Your assignment →
The entries are to be reproduced word for word, with all images left out.
___ Information supplied ___
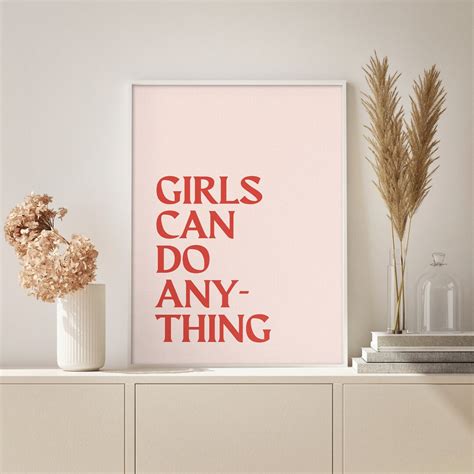 Girls Can Do Anything Quote Poster Girl Power Poster Girl Etsy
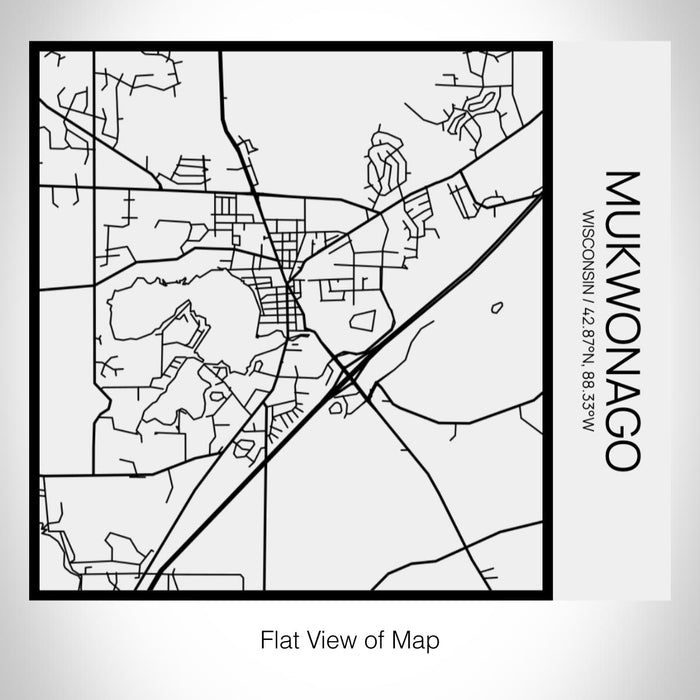 Rendered View of Mukwonago Wisconsin Map on 17oz Stainless Steel Insulated Tumbler in Matte White with Tactile Lines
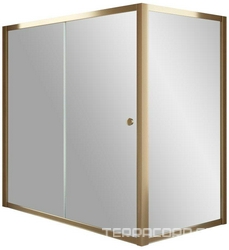 Шторка на ванну ZV+ZVF, 170x75x140 см, раздвижная с неподвижной боковой стороной, профиль бронза, стекло прозрачное ZZ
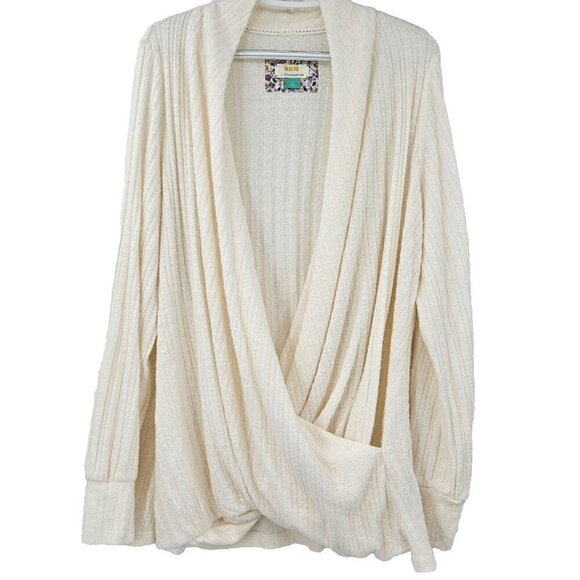 Anthropologie Maeve Rafela Hacci Surplice Top Cream Women’s Size 1X Puff Sleeve - Picture 3 of 12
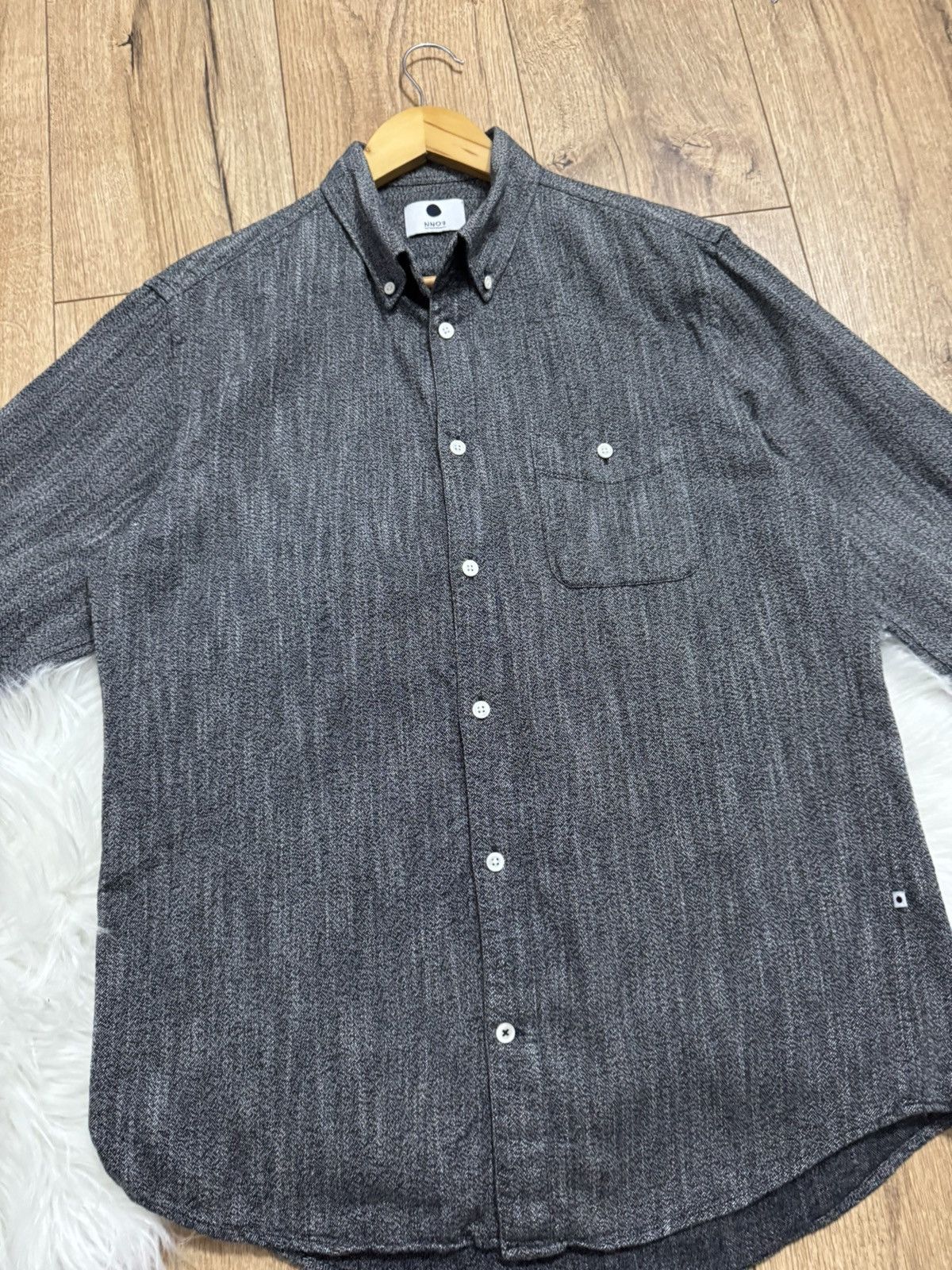 NN07 NN07 (No Nationality) Levon Herringbone Flannel Shirt Size US M / EU 48-50 / 2 - 15 Thumbnail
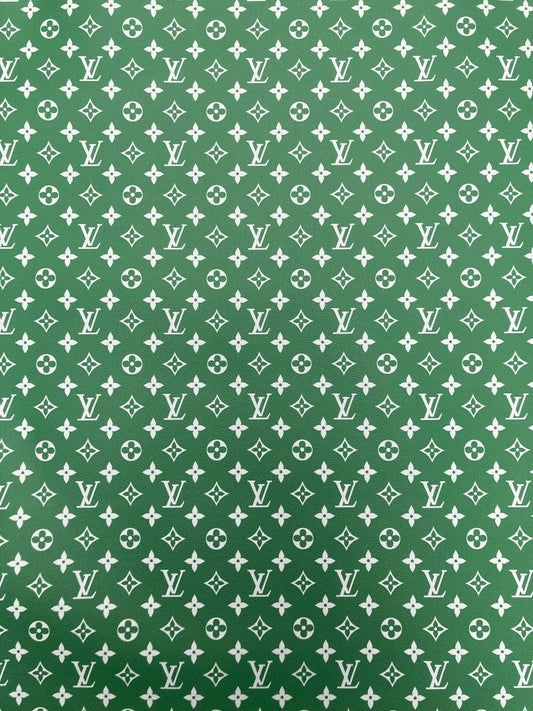 Custom Handmade Leather Vintage Green LV Fabric for Sneakers Upholstery - mingfabricstore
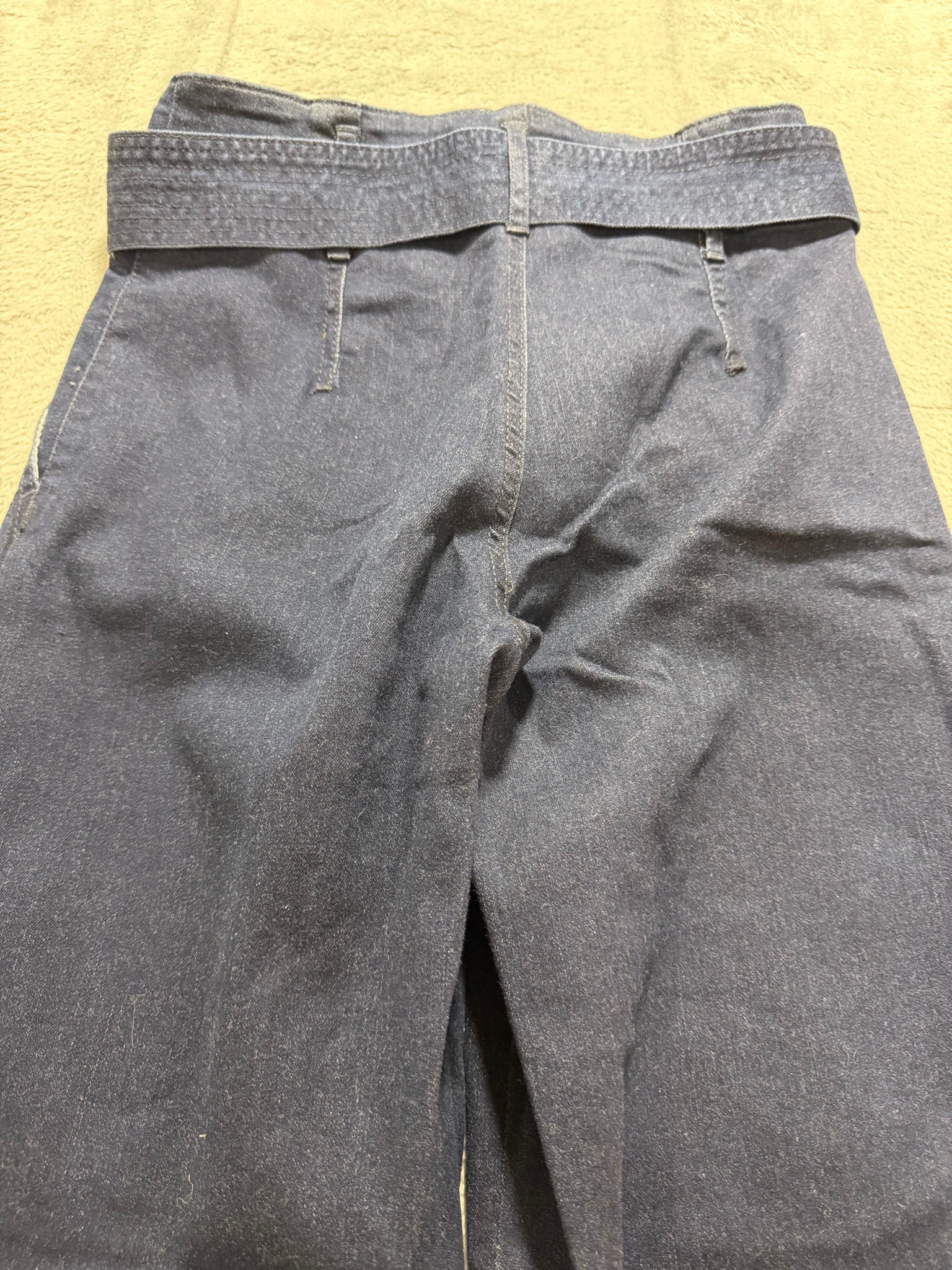 a new day Size 4 Navy Wide-Leg Belted Stretch Denim Trousers High-Rise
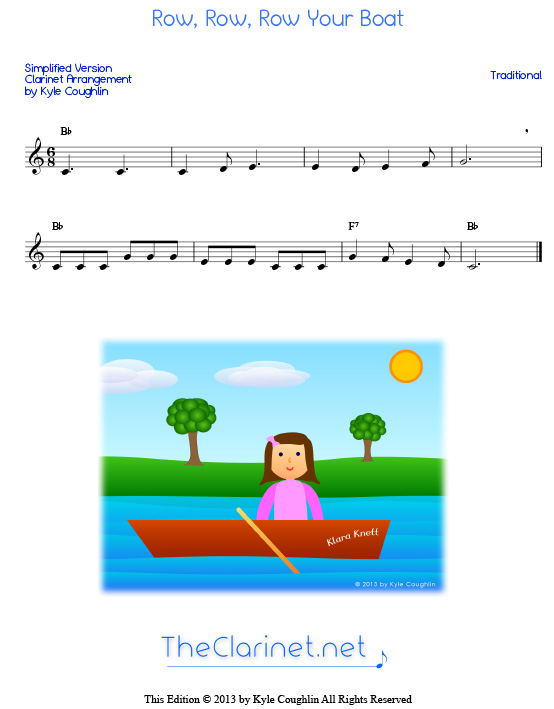 Row, Row, Row Your Boat, simplified version for beginner clarinet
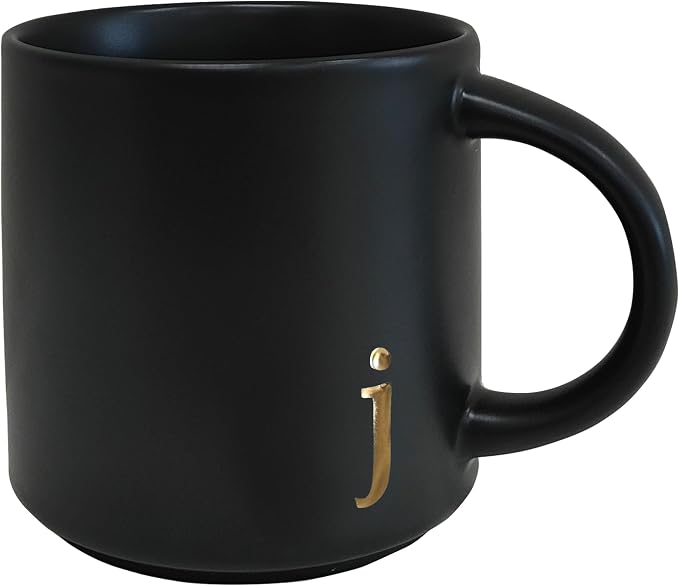 COLLECTIVE HOME Black Ceramic Coffee Mug, 15 oz Golden Monogram Tea Cup (j) | Personalized Halloween Mug with Gift Box, Dishwasher Safe, Birthday Present, Christmas Thanksgiving Mothers Day Gifts by COLLECTIVEHOME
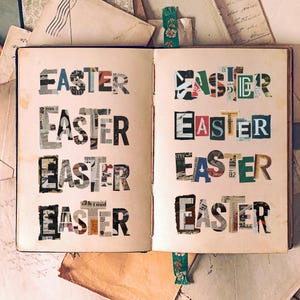 Easter Ransom Note Letters PNG, Easter Invite, Magazine Cutout Alphabet ...
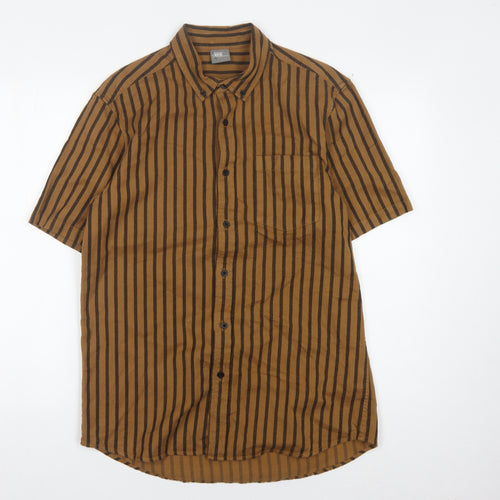 ASOS Men's Brown Striped Short Sleeve Shirt, M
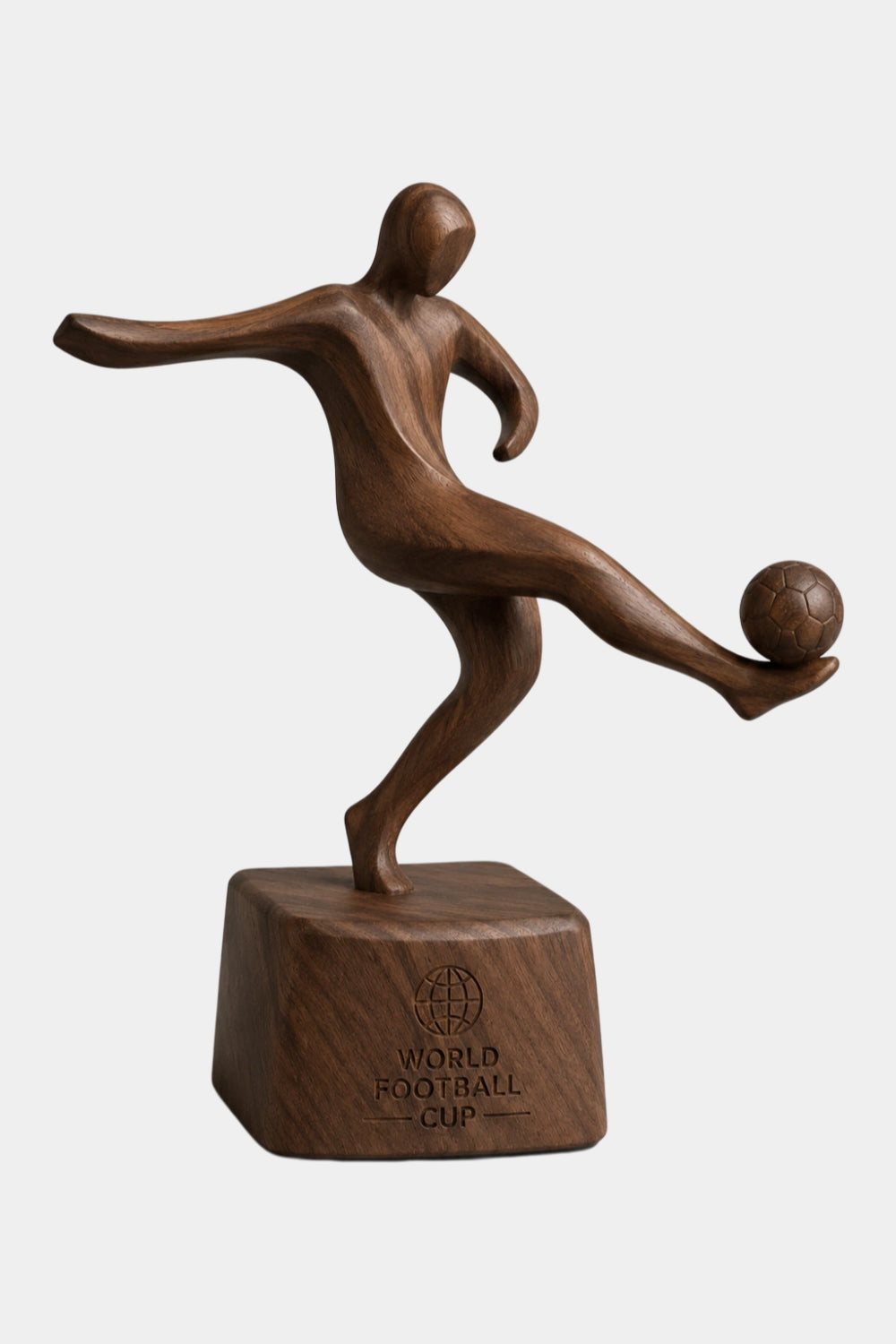 Dynamic Soccer Player Wood Sculpture | Modern Football Trophy Decor | Premium Sports Gift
___
Answer to this problem →
 Girls Can Do Anything Quote Poster Girl Power Poster Girl Etsy
 Rendered View of Mukwonago Wisconsin Map on 17oz Stainless Steel Insulated Tumbler in Matte White with Tactile Lines
 Шторка на ванну ZV+ZVF, 170x75x140 см, раздвижная с неподвижной боковой стороной, профиль бронза, стекло прозрачное ZZ
 Anthropologie Maeve Rafela Hacci Surplice Top Cream Women’s Size 1X Puff Sleeve - Picture 3 of 12
 NN07 NN07 (No Nationality) Levon Herringbone Flannel Shirt Size US M / EU 48-50 / 2 - 15 Thumbnail
 Custom Handmade Leather Vintage Green LV Fabric for Sneakers Upholstery - mingfabricstore
 a new day Size 4 Navy Wide-Leg Belted Stretch Denim Trousers High-Rise
 Row, Row, Row Your Boat, simplified version for beginner clarinet
 COLLECTIVE HOME Black Ceramic Coffee Mug, 15 oz Golden Monogram Tea Cup (j) | Personalized Halloween Mug with Gift Box, Dishwasher Safe, Birthday Present, Christmas Thanksgiving Mothers Day Gifts by COLLECTIVEHOME
 Easter Ransom Note Letters PNG, Easter Invite, Magazine Cutout Alphabet ...
 ASOS Men's Brown Striped Short Sleeve Shirt, M
 Dynamic Soccer Player Wood Sculpture | Modern Football Trophy Decor | Premium Sports Gift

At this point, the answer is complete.